Berbeda dengan seorang perempuan, laki-laki gampang sekali melupakan sebuah mimpi, bahkan yang menderanya malam sebelumnya. Mungkin tidak semua laki-laki memiliki short-term memory dalam segala perihal mimpi ini, tapi Kanigara Gatra termasuk di dalamnya. Ketika terbangun, ia tak lagi ingat dengan tepat apa yang ia mimpikan tadi malam. Bahkan, ia sudah lupa bahwa semalam ia bermimpi. Yang pasti Kanigara Gatra ingat dengan jelas bahwa kemarin, setelah makan siang sepulangnya rombongan pelarian itu, mereka kembali ke The Niners, menonton film misteri bersama di dalam kamar hotel. Sorenya mereka hanya menikmati kerbersamaan: mengobrol di café sembari menyesap kopi, berfoto dengan latar belakang perbukitan dan pepohonan dilihat dari rooftop hotel dibantu sinar temaram senja atau makan malam bersama.

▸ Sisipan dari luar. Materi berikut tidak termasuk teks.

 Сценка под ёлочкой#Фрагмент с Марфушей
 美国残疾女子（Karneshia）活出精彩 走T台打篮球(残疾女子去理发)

Mungkin hasil menonton film misteri kemarin yang membuat Kanigara Gatra bermimpi buruk, yang toh sudah ia lupakan sama sekali.
Kanigara Gatra bangun dari tempat tidurnya, melihat Steven Ongadri masih tidur memunggunginya. Ia meraih gawai pintar dan melihat jam. Pukul lima subuh.

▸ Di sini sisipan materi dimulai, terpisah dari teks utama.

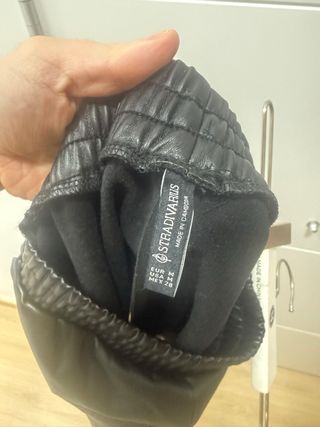 Pantalones cortos Stradivarius negros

Kanigara Gatra turun dari tempat tidur menuju ke toilet. Ia membuang air kecil kemudian pergi keluar kamar untuk minum.
Kanigara Gatra membuka lemari pendingin yang menempel di kitchen set dan mengambil sebotol air mineral. Ia membuka dan menenggak habis isinya dalam beberapa teguk saja.
Hampir Kanigara Gatra tersedak ketika melihat belakang kepala tiga sosok yang duduk di sofa di depan televisi. Anehnya lagi, televisi tidak dinyalakan. Dari pantulan refleksi di depan layar datar televisi itu, Kanigara Gatra dengan samar namun pasti melihat wajah Andini Sekartaji, Felisia Setyarini dan Kumang.

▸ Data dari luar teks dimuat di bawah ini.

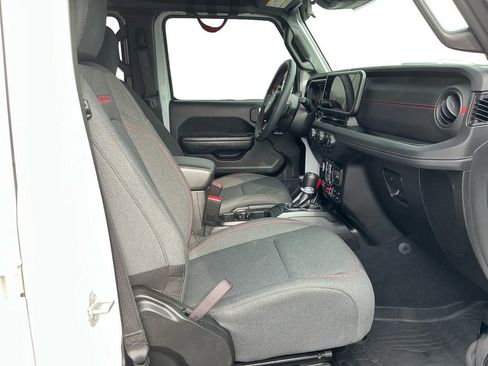 Used 2024 Jeep Wrangler Unlimited Rubicon image 22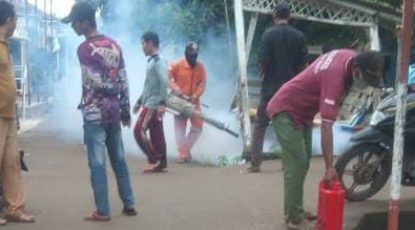 Lakukan Fogging,Upaya Pemdes Tugu Indramayu Hindari Penyakit DBD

Mengapa tadi ia tidak melihat mereka? Pikir Kanigara Gatra. “Kalian ini bikin kaget saja. Apa yang kalian lakukan jam segini, sih?” ujarnya.
Dengan masih memegang botol air mineral yang sudah kosong, Kanigara Gatra berjalan mendekat ke arah sahabat-sahabat perempuannya itu. Ketiganya kini memandang ke arah Kanigara Gatra.
“Gat, siapa diantara kami yang paling cantik menurutmu?” ujar Felisia Setyarini tiba-tiba. Suara cerianya terdengar. Wajah manisnya terlukis senyuman lebar yang terlihat dengan bantuan sinar lampu dari luar yang menembus tirai lebar dinding kaca kamar mereka tersebut.
“Iya, Gat. Siapa yang paling cantik?” kini Kumang yang bertanya. Raut wajah cantiknya serasa mengisyaratkan sebuah sarkasme. Seperti Kumang sangat yakin bahwa jawaban dari pertanyaan itu sebenarnya sudah jelas. Tentu ia adalah yang tercantik.